I do wonder how generations of pioneers and frontiersmen survived when the majority of the meat they ate was harvested with lead bullets.
This indirectly reminded me of the
Michael Bellesiles fiasco.
For those who don't know, Bellesiles wrote a book called
Arming America. His thesis was that the whole idea of the frontier being won with guns was a myth. He claimed that there were actually very few guns in civilian hands, and that even those were in poor repair.
It was published at the tail end of the Clinton administration, when antigunners were running high and arrogant on their legislative victories. The media loved the book. Gun control advocates loved the book. In fact, the most prominent blurb on the cover was a quote from Harry Reid saying it would be "the final nail in the NRA's coffin." It won the Bancroft prize, which is like the Pulitzer for historians. It was picked up for use in numerous university courses.
There were two problems. The first was the fact that none of the peers who supposedly reviewed the book actually checked Bellesiles' sources in detail.
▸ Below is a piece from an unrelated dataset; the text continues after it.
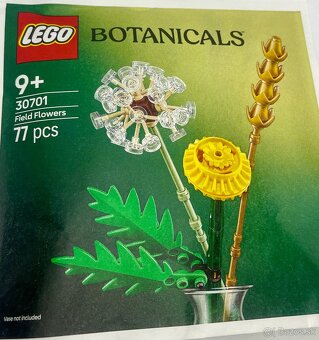 LEGO Botanicals Poľné kvety 30701 sada 4x NOVA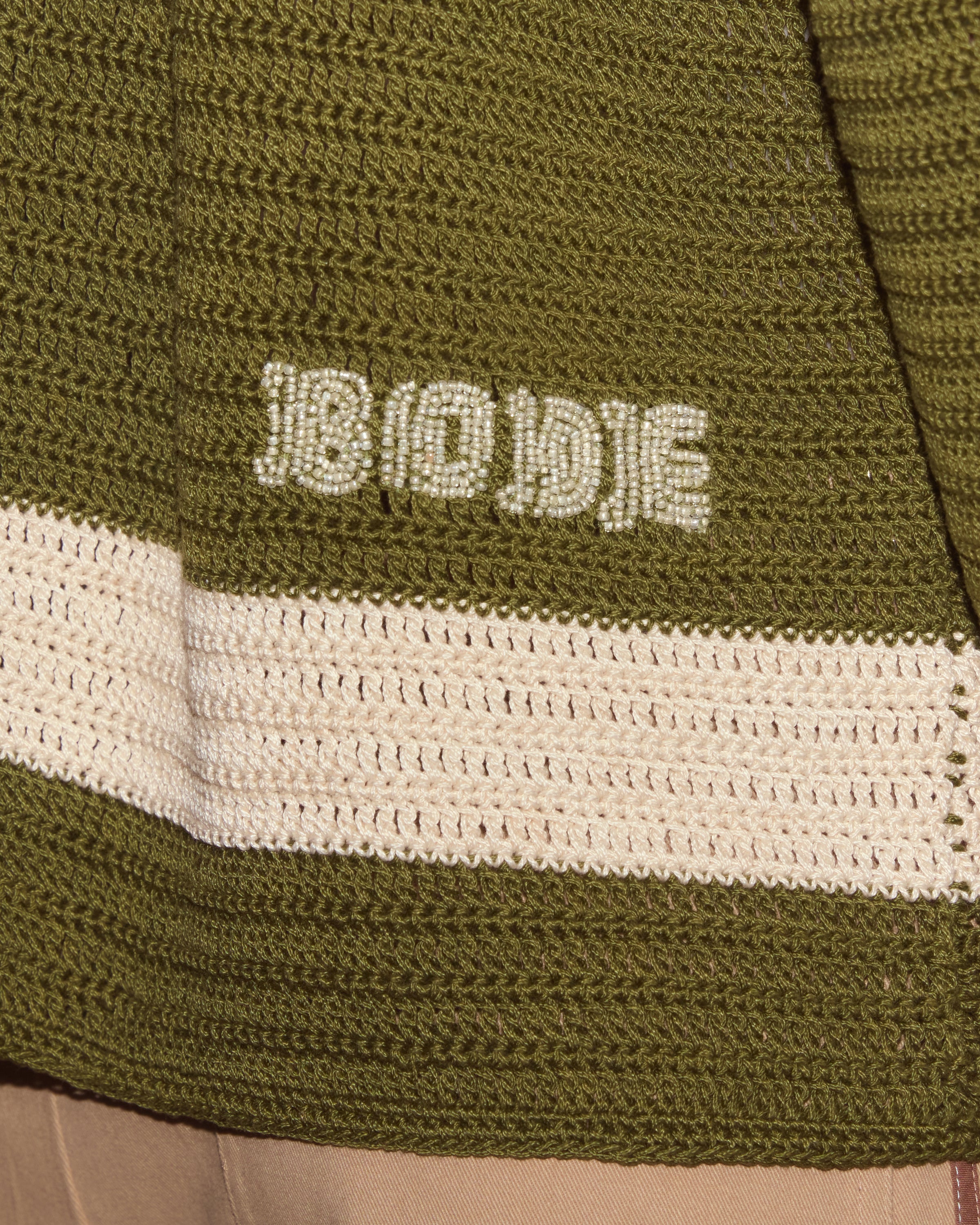 Marsh Crochet Long Sleeve Shirt – BODE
The second was that many of those sources were
inaccurate or downright fraudulent. Don't take my word for it. Emory University (where Bellesiles was employed) did their own review. They bent over backward giving him a chance to exonerate himself, and he still ended up losing his job over it. What's more, for the first time in history, the Bancroft prize was revoked.
EVERYBODY came away from it with egg on their face. The backpedaling from professors and politicians was absolutely hilarious. In fact, the ALA had a huge debate on whether or not they should continue to catalog the book, which led to a wider debate over whether or not references to it should indicate it had been debunked.
So, how did it even happen? The antis WANTED this SO BADLY they never stopped to consider that the research might be sloppy or fraudulent. Their bias was already there; they just NEEDED something "academic" to validate it.